- **WHAT YOU NEED TO DO**: With the pictures left out, retype exactly the lines below starting at the line that contains "U Power Blue" and ending at the line that contains "CONDO 10 OF SABAL PALM CO - Residential".
==*==
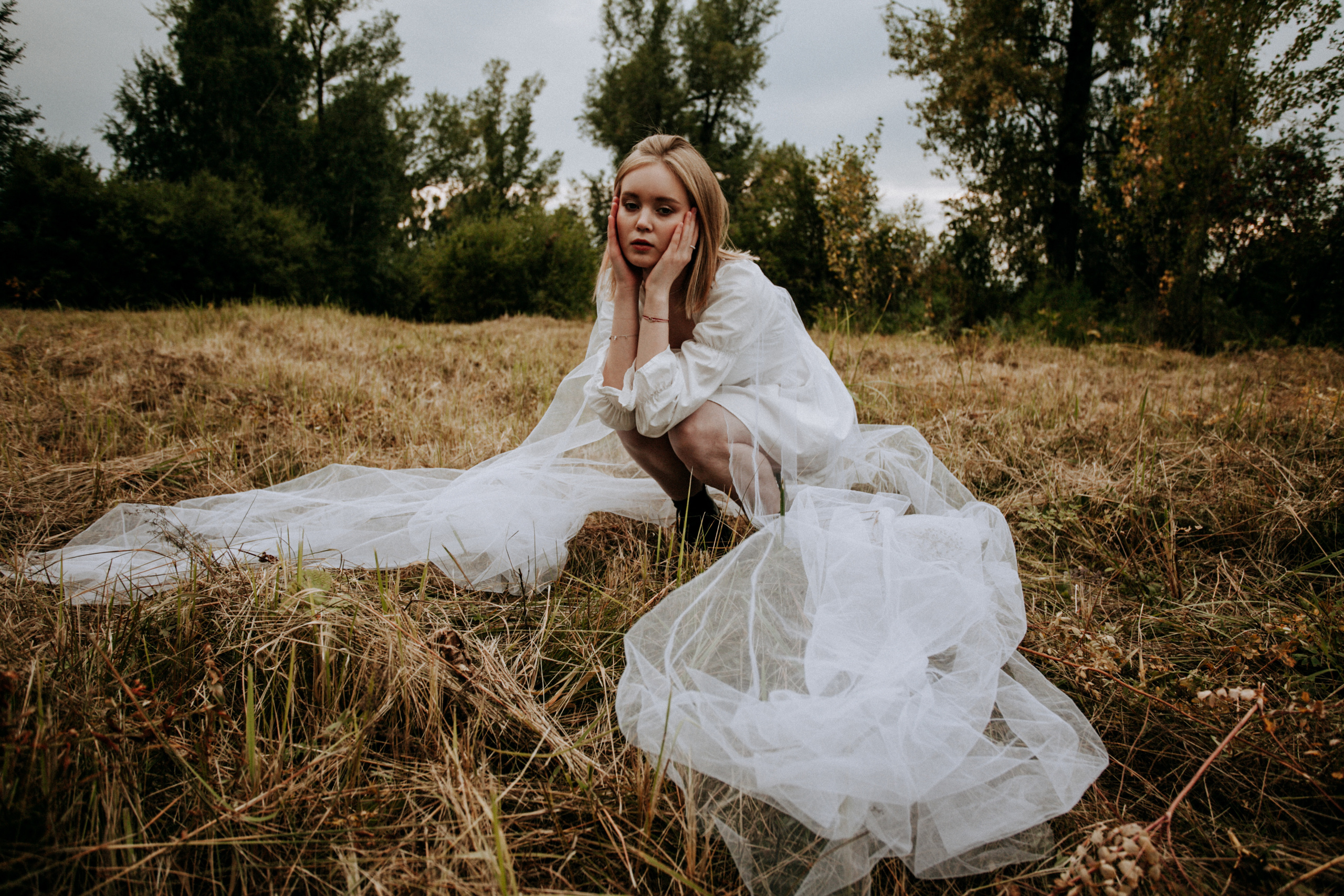 поле красивая невеста осень природа флер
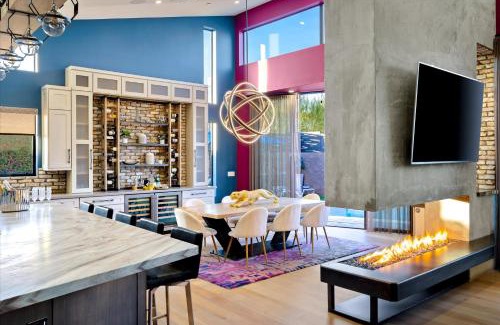 Southwest Village House | Desert Luxe Entertainers Delight!walk To Oldtown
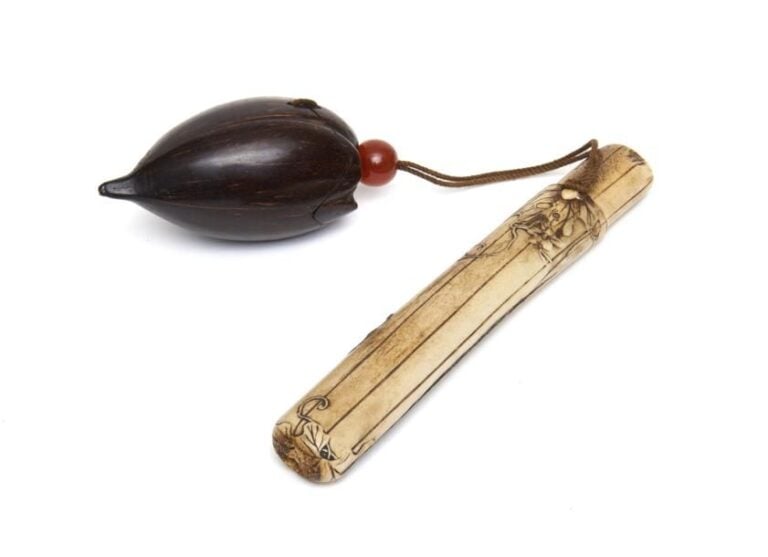 Coffret à tabac comprenant un porte pipe (kiseru) et un récipient à taba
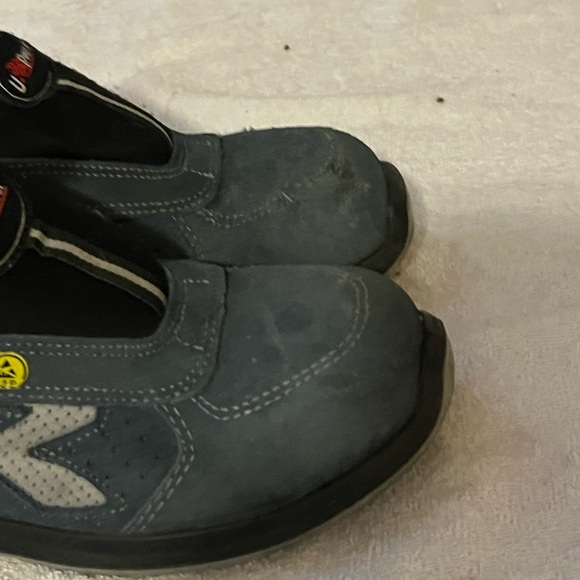 U Power Blue Steel Toe Safety Shoes Sz 7 - 7 1/2 (38) - Picture 8 of 13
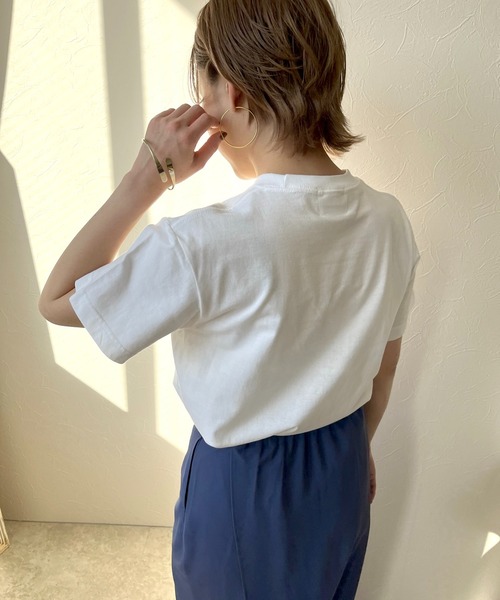LHELBIE（レルビエ）の「AmitieフロッキーロゴTシャツ（Tシャツ/カットソー・レディース・オフホワイト/チャコールグレー/ホワイト・M）」の9枚目の写真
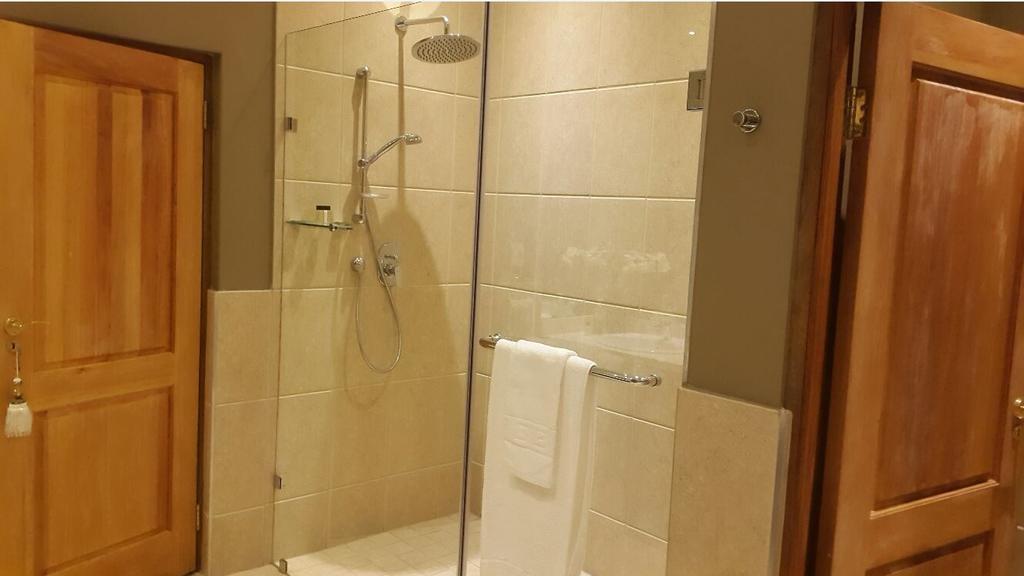 Executive Suites, Woodmead East (Adults Only) Сэндтон Экстерьер фото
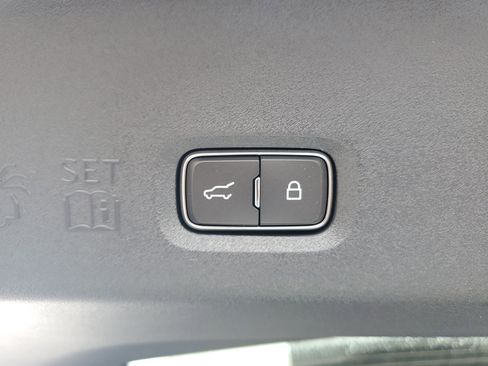 New 2026 Lincoln Navigator Reserve AWD/4WD image 35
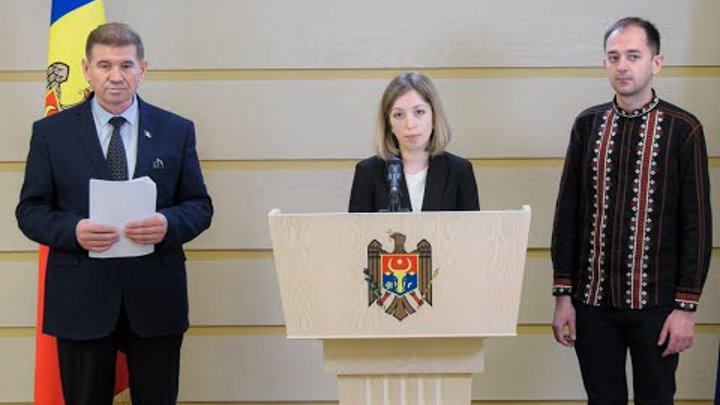 Briefing de presă al deputaților Ana Calinici, Mihail Druța și Vital ...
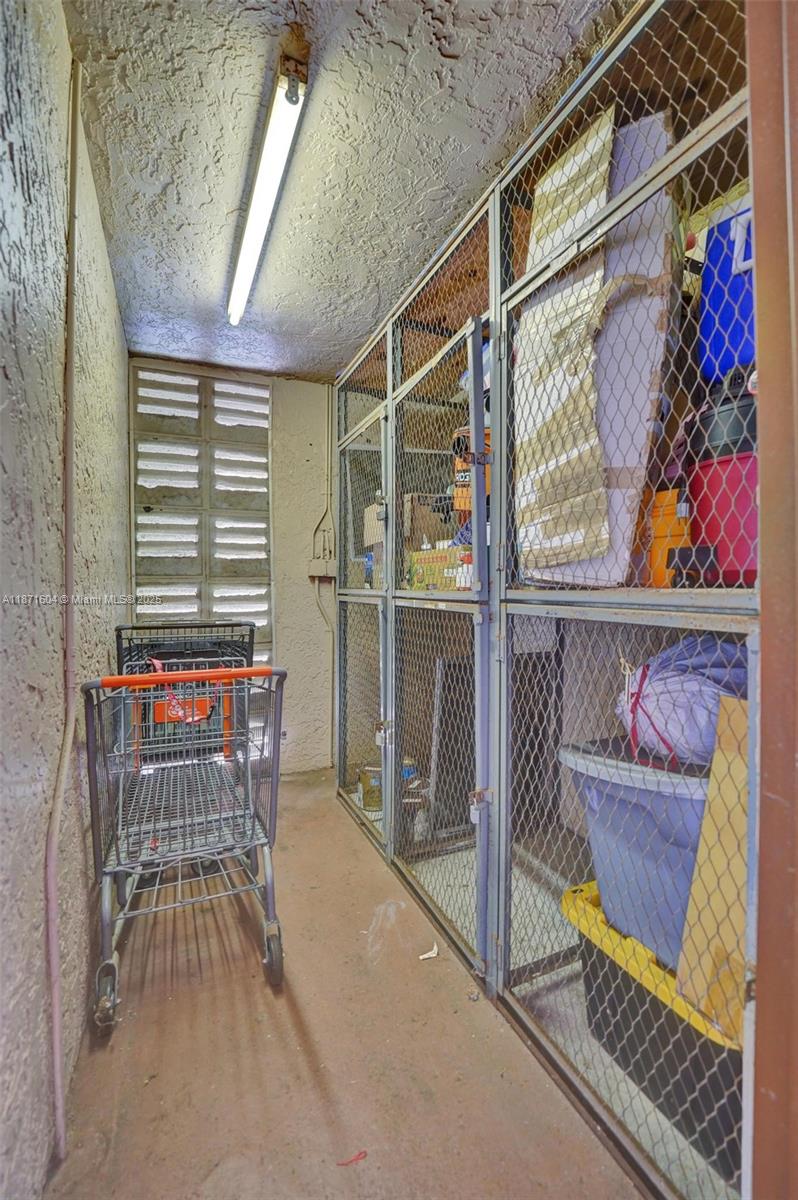 CONDO 10 OF SABAL PALM CO - Residential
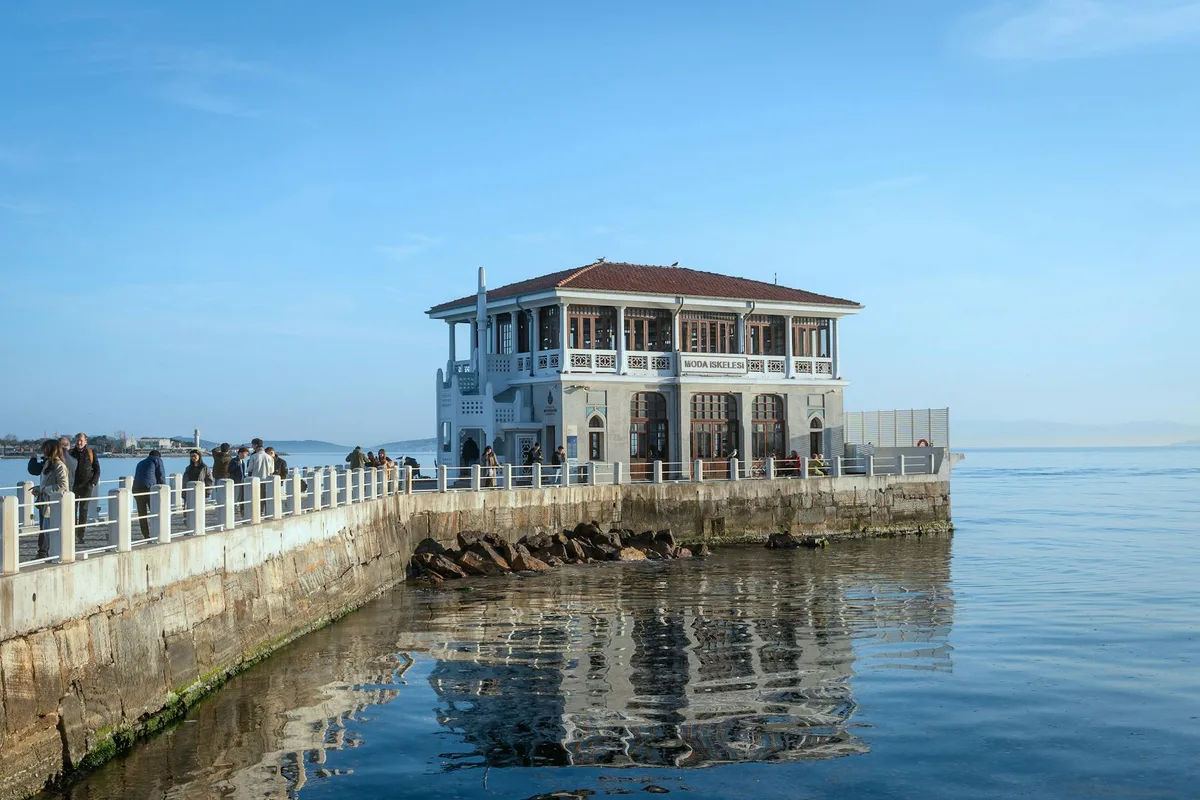 Kadıköy Rum ve Ermeni Tarihi Mirası: Kiliseler, Okullar ve Kültürel Rotalar - Kadıköy rehber görseli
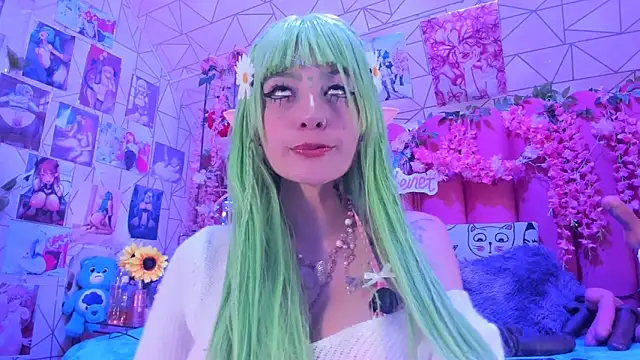 Alicebenett online show from April 14, 2026, 10:38 pm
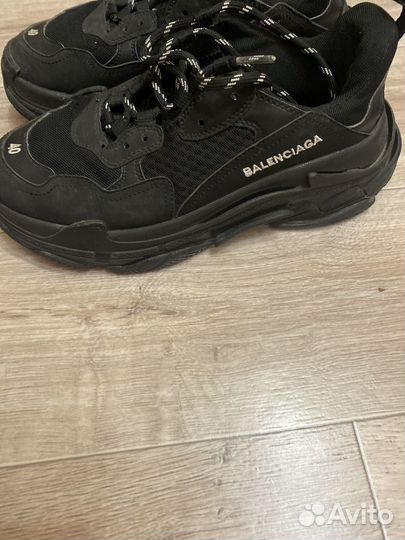 Кроссовки женские 40 размер оригинал бу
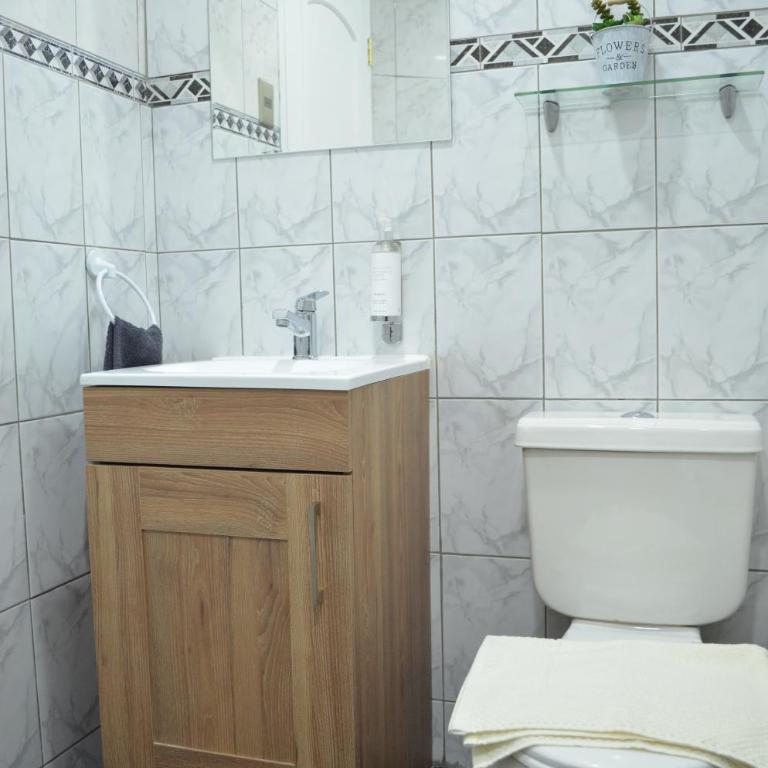 Los Araucanos - Habitación Doble con baño privado externo - 2 camas - 5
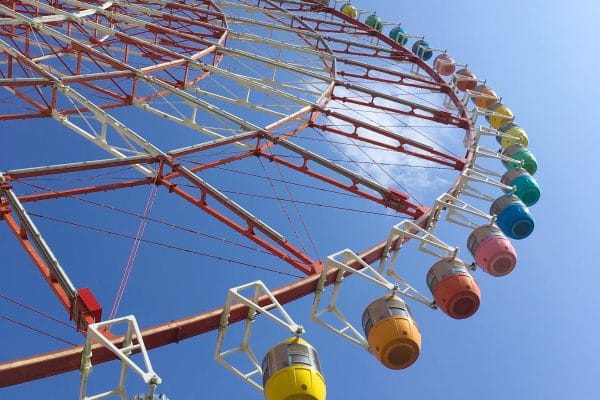 Six Flags Qiddiya: La Nueva Frontera del Entretenimiento Extremo Imagen parcial de una atracción en el Six Flags Qiddiya: La Nueva Frontera del Entretenimiento Extremo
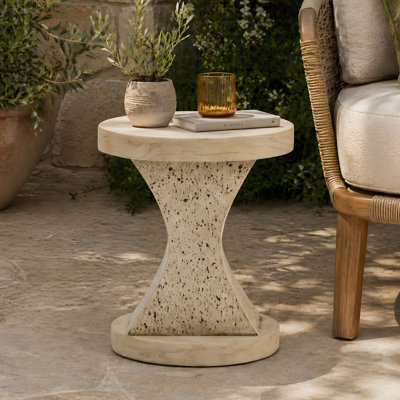 Table de bout ronde 17,5 po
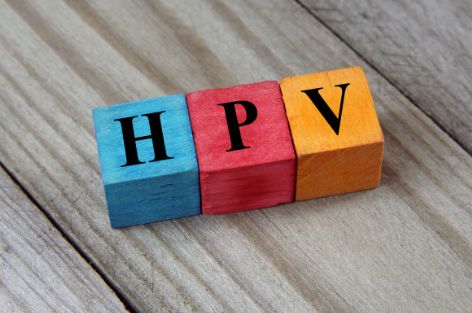 皮肤病|女人脸上出现3种变化，或许不是皮肤病，当心是HPV来临，需尽早注意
==*==
- **COMPLETED TASK**:
 U Power Blue Steel Toe Safety Shoes Sz 7 - 7 1/2 (38) - Picture 8 of 13
LHELBIE（レルビエ）の「AmitieフロッキーロゴTシャツ（Tシャツ/カットソー・レディース・オフホワイト/チャコールグレー/ホワイト・M）」の9枚目の写真
 Executive Suites, Woodmead East (Adults Only) Сэндтон Экстерьер фото
 New 2026 Lincoln Navigator Reserve AWD/4WD image 35
 Briefing de presă al deputaților Ana Calinici, Mihail Druța și Vital ...
 CONDO 10 OF SABAL PALM CO - Residential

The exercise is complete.